Executor of a will: what do they do?
It’s an executor’s job to follow up the instructions someone leaves in their will. So they make sure their money, property and things (their ‘estate’) go to the people they choose. Executors are also responsible for other things like valuing the estate, sorting out inheritance tax and wrapping up the dead person’s financial affairs.
You’ll choose an executor when you make your will. Most people choose one or two, but you can have up to four. Anyone who’s over 18 can do it. And it’s fine if you’ve left them something as well (called being a ‘beneficiary’) – in fact that’s quite common.
Being an executor can involve a lot of work, so make sure you choose someone you trust – it’ll be up to them to carry out your wishes and solve any problems that come up (like disagreements between family members). There’s also a lot of paperwork and admin involved. And because executors can be financially responsible for any mistakes they make or anything they forget to do, it’s really important they get this stuff right.
Duties of an executor: the to-do list
Here are some of the things an executor will need to do.
Apply for probate
Applying for the legal right to deal with someone’s estate is called ‘applying for a grant of probate’ (or ‘letters of administration’ if the person didn’t leave a will). Basically, this means an executor can deal with banks, utility companies, HMRC and so on, on behalf of the estate.
When the executor applies for the grant of probate they’ll have to show they’ve paid any inheritance tax that’s due (or that they don’t need to pay any). There’s more on this later.
Tell people about the death
It’s up to the executor to tell any companies the person had a relationship with that they’ve died. So that’s organisations like energy companies, banks and building societies, HMRC, the Department for Work and Pensions, and so on.
Value the estate
The executor works out what the estate’s worth. So they’ll need to make sure they have details of all the person’s assets, property or bank accounts, as well as any money they owe like mortgages, credit cards and loans. Missing any of these now can cause problems further down the line.
Once they’ve worked out exactly what the estate’s worth, the executor will need to check if any inheritance tax is due, and how much. This can be complicated – they’ll need to bear in mind things like tax-free allowances, exemptions, and so on.
When they’ve done that, they’ll need to get the right forms from HMRC and fill them in. They might also need to fill in income tax forms for the estate, and pay other taxes (like capital gains tax on any investments).
Share out the estate and create estate accounts
It’s the executor’s job to share out the estate to the people named in the will.
Then, once everything’s sorted, they’ll also need to put together a document showing the estate accounts. This is a record of all the financial transactions that have happened since the person died. It also includes the final total of assets (including investments), debts, fees and admin expenses, and how the money that’s left has been distributed. There aren’t any particular rules for how to format estate accounts. But they usually include a summary of the terms of the will (or rules of intestacy if there isn’t a will).
How long does being an executor take?
Unfortunately there’s no easy answer to this – it depends on how big or complicated the estate is, and if you’ve got any other executors helping out. But it could take up to a year to get everything sorted, or longer if it’s particularly knotty.
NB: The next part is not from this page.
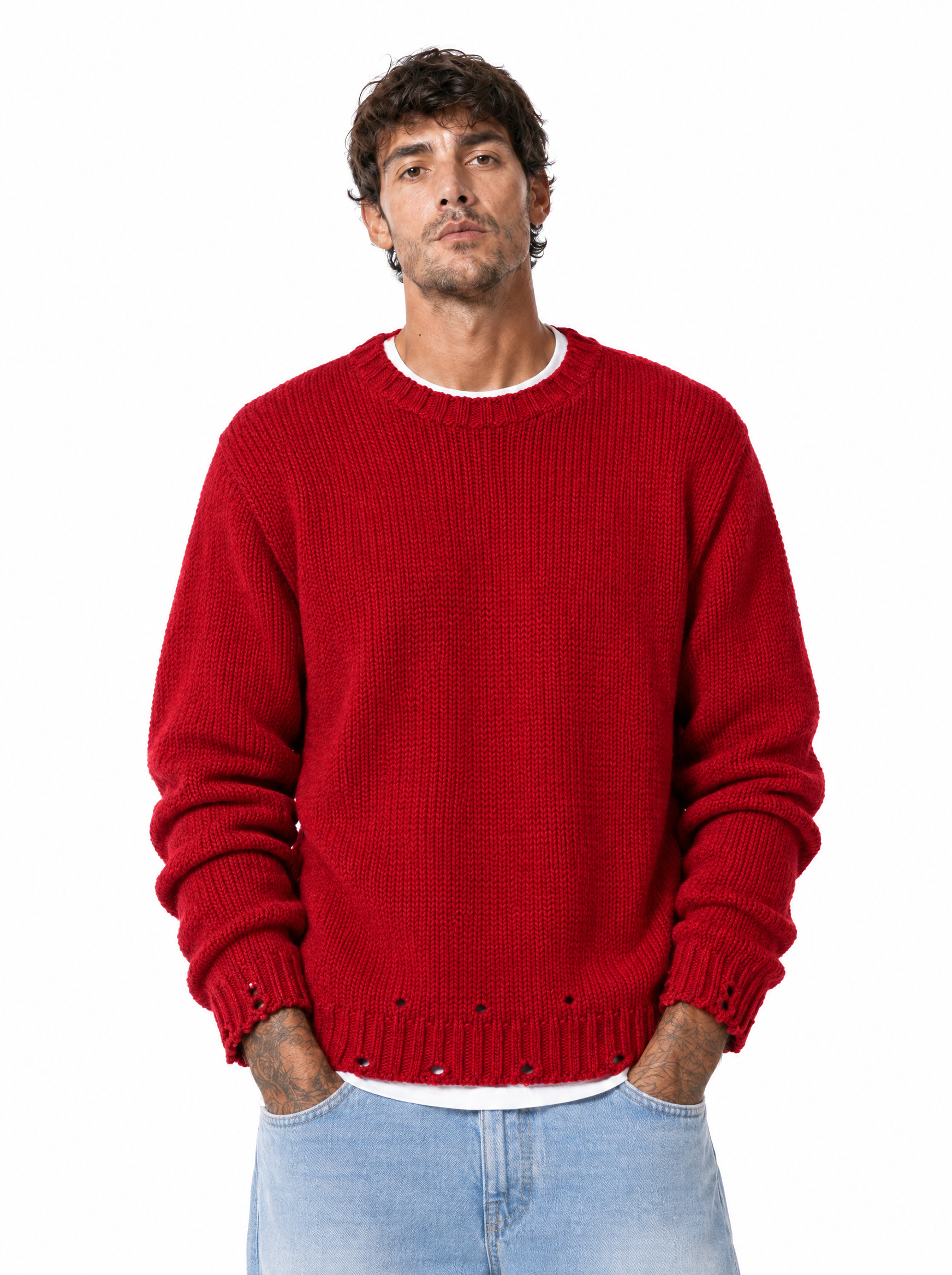 PIGNASECCA Girocollo con rotture rosso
If you die without making a will
The rules of intestacy will decide who takes on the executor role (called an ‘administrator’ when there’s no will), as well as who gets what.
I’ve been asked to be an executor. Do I have to say yes?
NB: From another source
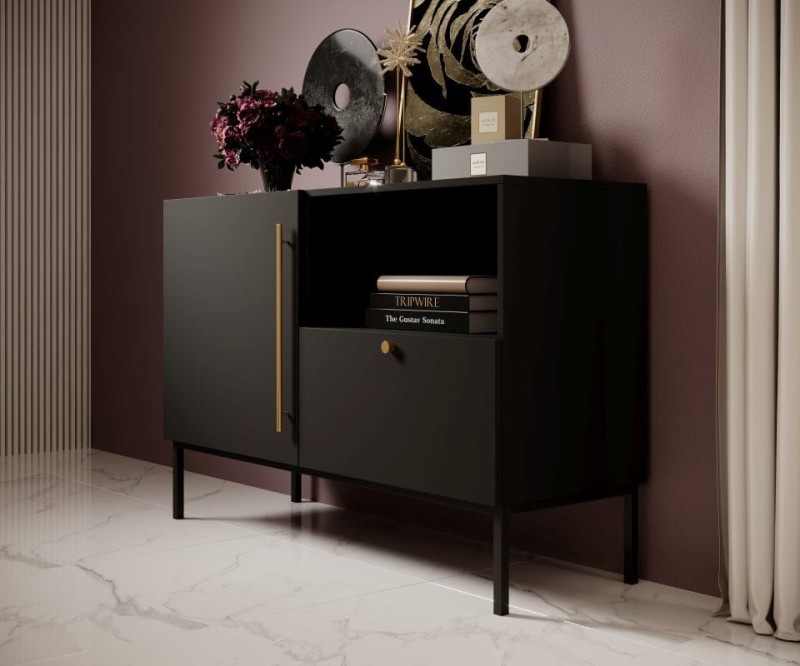 Komoda 120 cm LANZZI czarny mat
No – there’s no law that says you have to take on the job. You can sign a document called ‘Renunciation’ to resign from the role, but only if you haven’t already started work on the estate.
You can also hire a probate solicitor or specialist to deal with the legal, tax and admin jobs for you. This might be a good idea if the estate’s worth a lot of money or is really complicated.
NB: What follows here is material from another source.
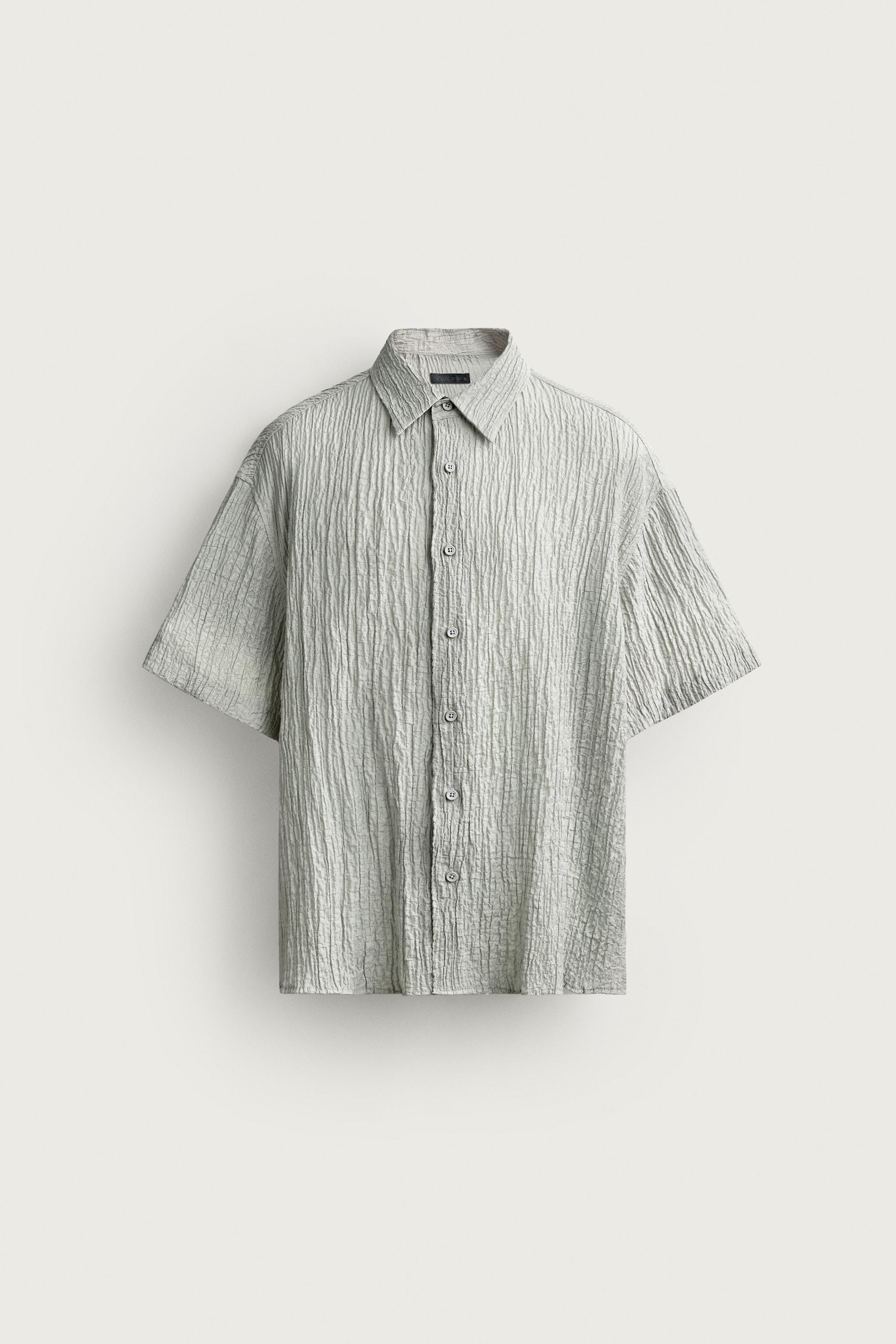 RELAXED FIT TEXTURED SHIRT — Light gray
If you don’t have anyone who can be an executor
There’s a government official called the public trustee who can take on the executor role if you don’t have anyone you can ask. Or if you’re leaving everything in your will to one person who can’t be an executor themselves (for example, if they’re a child), the public trustee will step in.
In a nutshell
Executors are responsible for following up on the instructions someone leaves in their will. That means they’ll make sure the estate goes to the right people, pay any bills or debts the person left behind, sort out taxes and wrap up their financial affairs.